What is required :: Please output only the lines that begin at the line with "this 885×589 image." and run through the end of the entries below, exactly as written. Drop all pictures.

Materials provided ::
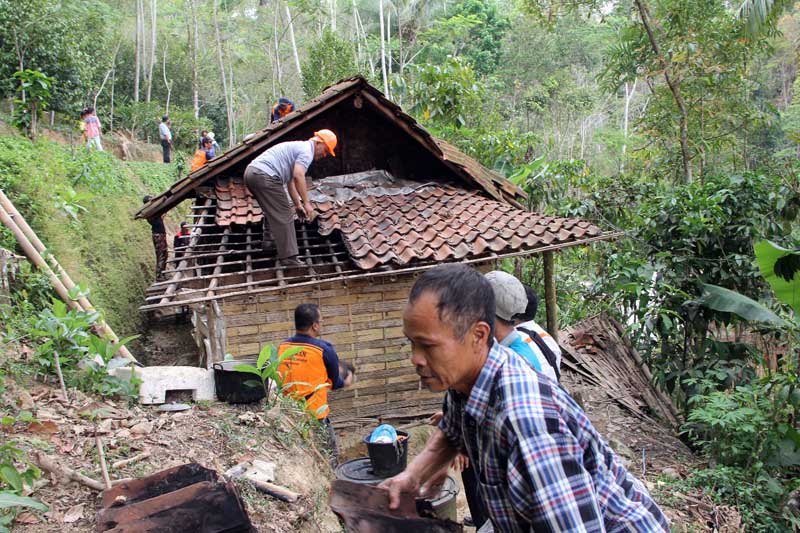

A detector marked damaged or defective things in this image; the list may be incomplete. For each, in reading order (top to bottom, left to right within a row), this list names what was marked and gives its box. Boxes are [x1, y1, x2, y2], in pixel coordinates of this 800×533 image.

broken roof section [136, 74, 524, 220]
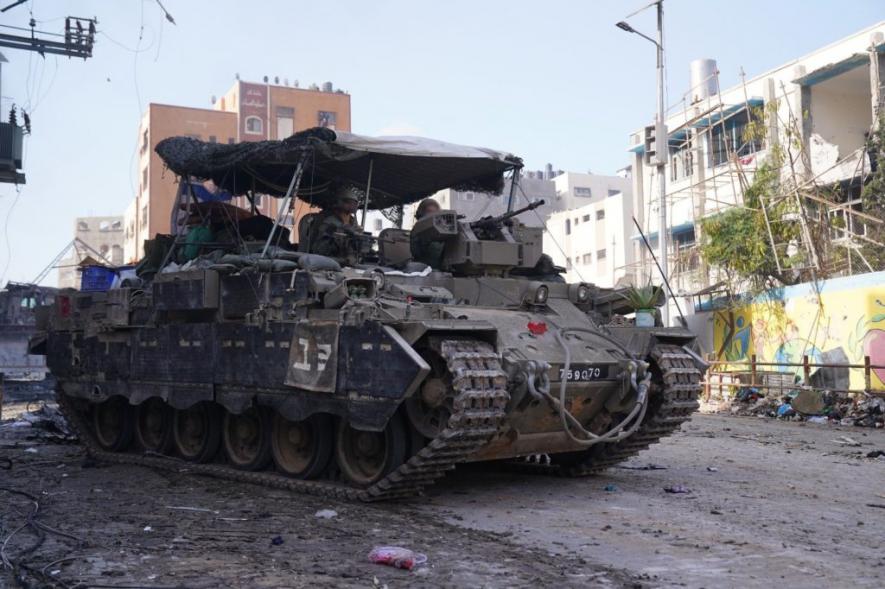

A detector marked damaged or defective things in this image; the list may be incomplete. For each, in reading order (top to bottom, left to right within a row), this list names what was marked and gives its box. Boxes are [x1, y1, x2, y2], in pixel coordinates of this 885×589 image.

damaged structure [29, 126, 704, 498]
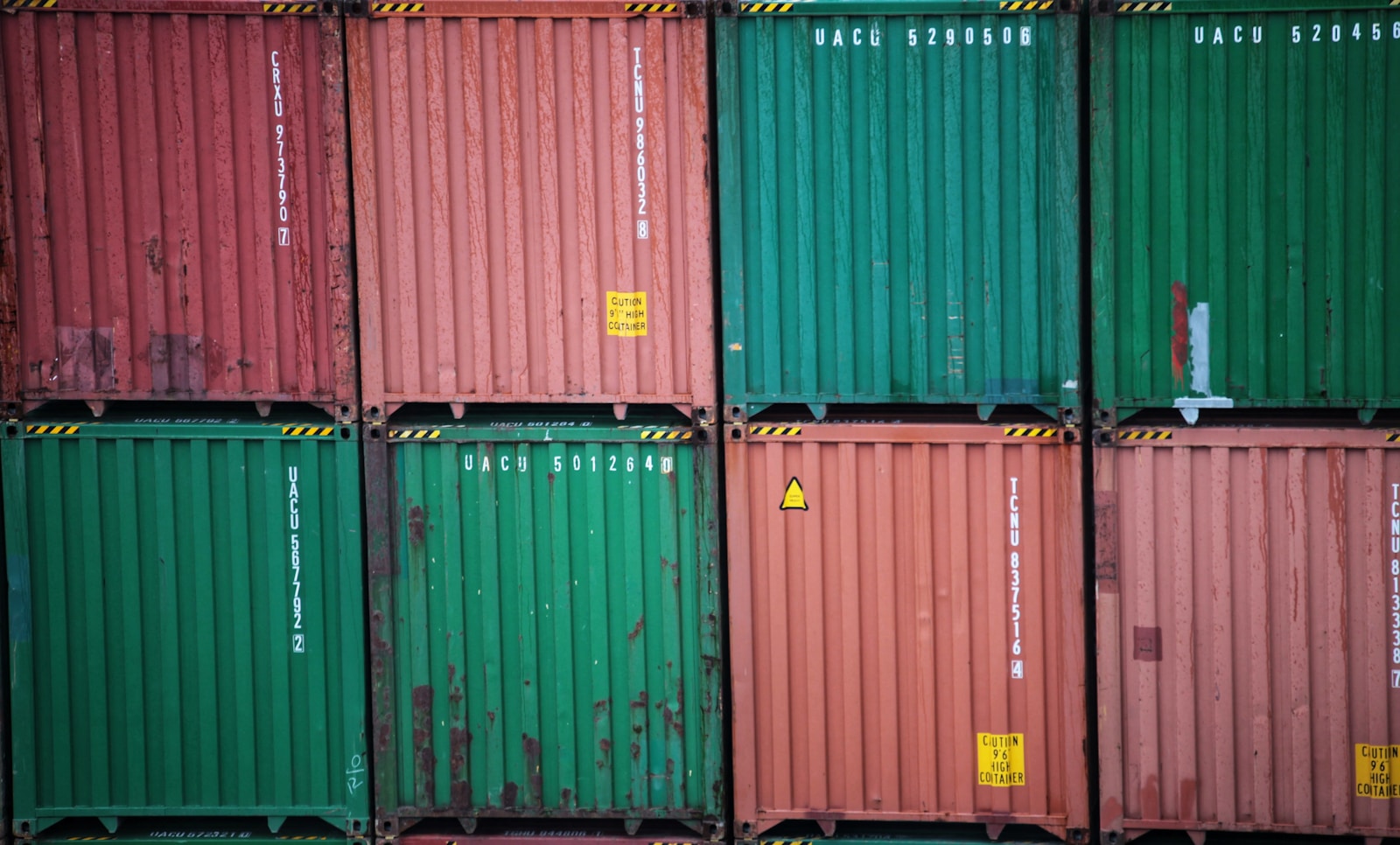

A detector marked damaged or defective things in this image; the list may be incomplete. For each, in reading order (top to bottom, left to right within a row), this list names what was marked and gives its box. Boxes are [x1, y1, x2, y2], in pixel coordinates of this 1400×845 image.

dark red rusty container [0, 0, 355, 419]
dark red rusty container [346, 0, 717, 422]
rust stain [1170, 281, 1193, 386]
dark red rusty container [722, 419, 1092, 839]
dark red rusty container [1097, 425, 1400, 844]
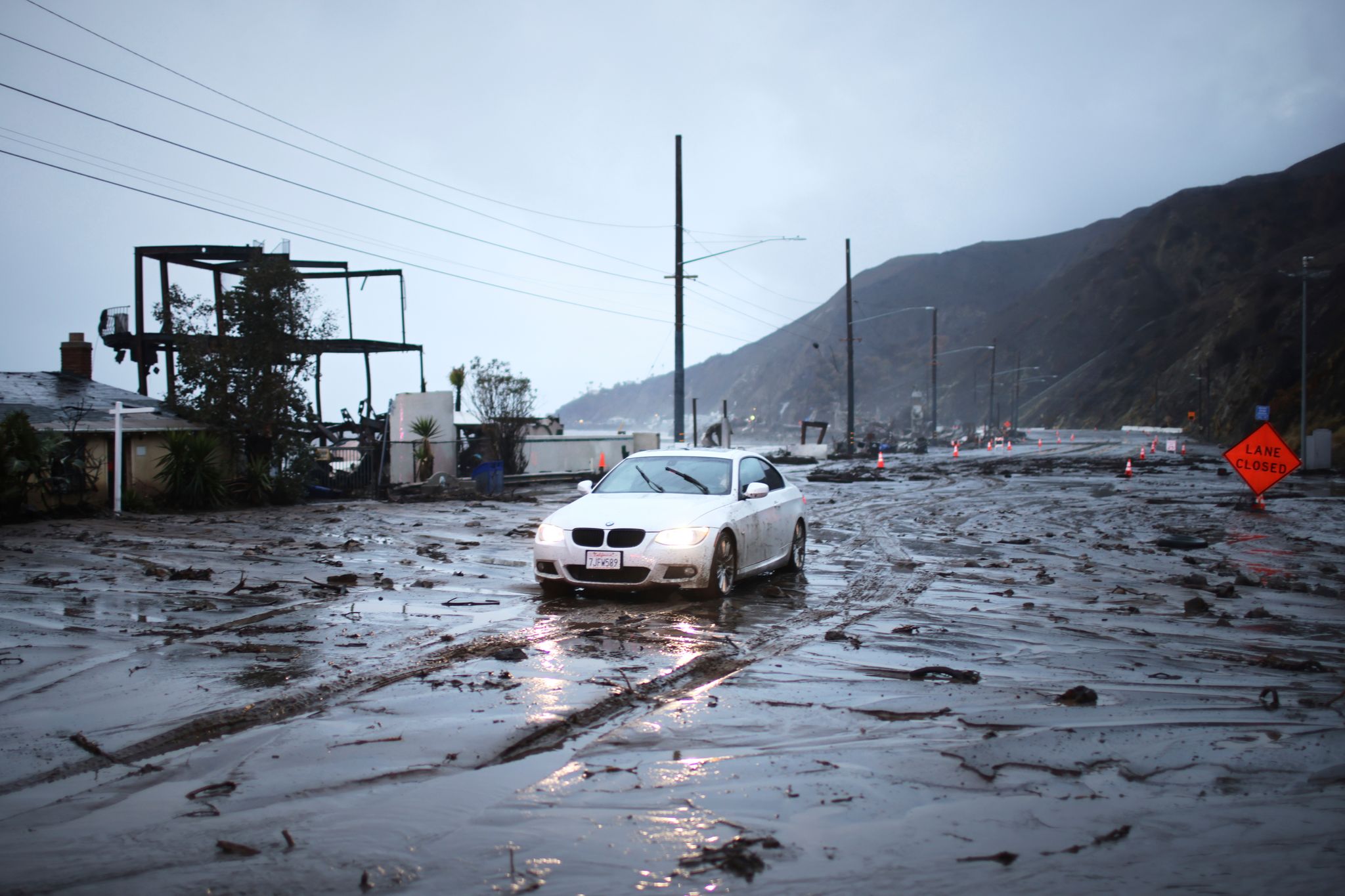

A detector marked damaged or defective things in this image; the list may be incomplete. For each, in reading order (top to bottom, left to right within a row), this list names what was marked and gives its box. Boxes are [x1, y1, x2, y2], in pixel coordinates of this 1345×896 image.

damaged roof [0, 368, 204, 429]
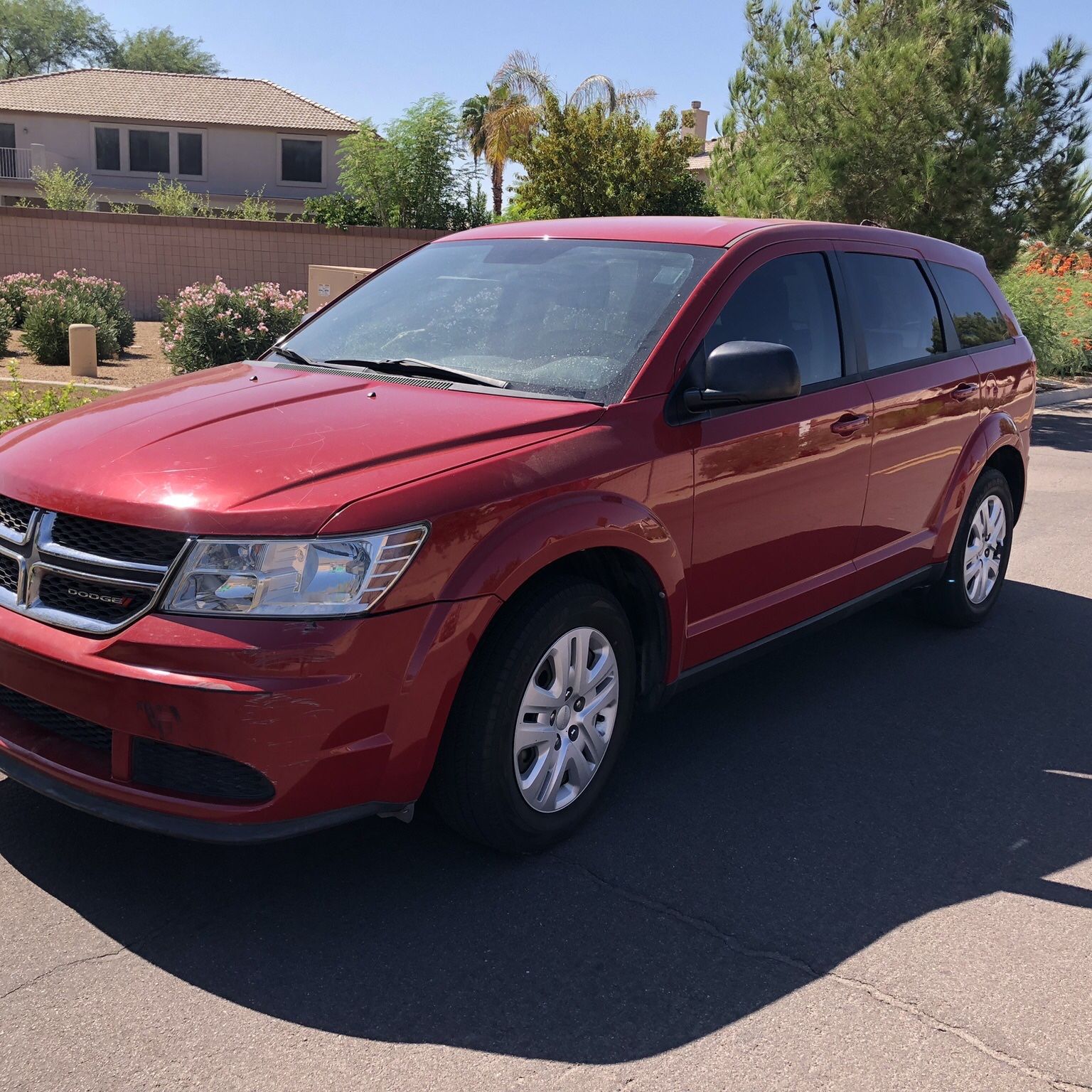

Exercise result ::
A detector marked damaged or defective things in this image; the list may be incomplete. For each, in reading order (top to bottom, left to right within a row), this list names what was marked and gives its box. Boxes are [x1, y1, x2, y2], in pixel coordinates of this 885×589 image.

damaged structure [29, 126, 704, 498]

A detector marked damaged or defective things in this image; the list may be incomplete. For each, in reading order (top to bottom, left to right within a row), this list names what was marked and gives its box. Boxes are [x1, y1, x2, y2], in pixel coordinates of this 1400×845 image.

dark red rusty container [0, 0, 355, 419]
dark red rusty container [346, 0, 717, 422]
rust stain [1170, 281, 1193, 386]
dark red rusty container [722, 419, 1092, 839]
dark red rusty container [1097, 425, 1400, 844]

A detector marked damaged or defective things in this image; the list may be incomplete. For each, in reading order (top to bottom, left to right within a row), this list names what was marked and gives its box. Boxes are [x1, y1, x2, y2], in pixel coordinates of this 1345×896 image.

damaged roof [0, 368, 204, 429]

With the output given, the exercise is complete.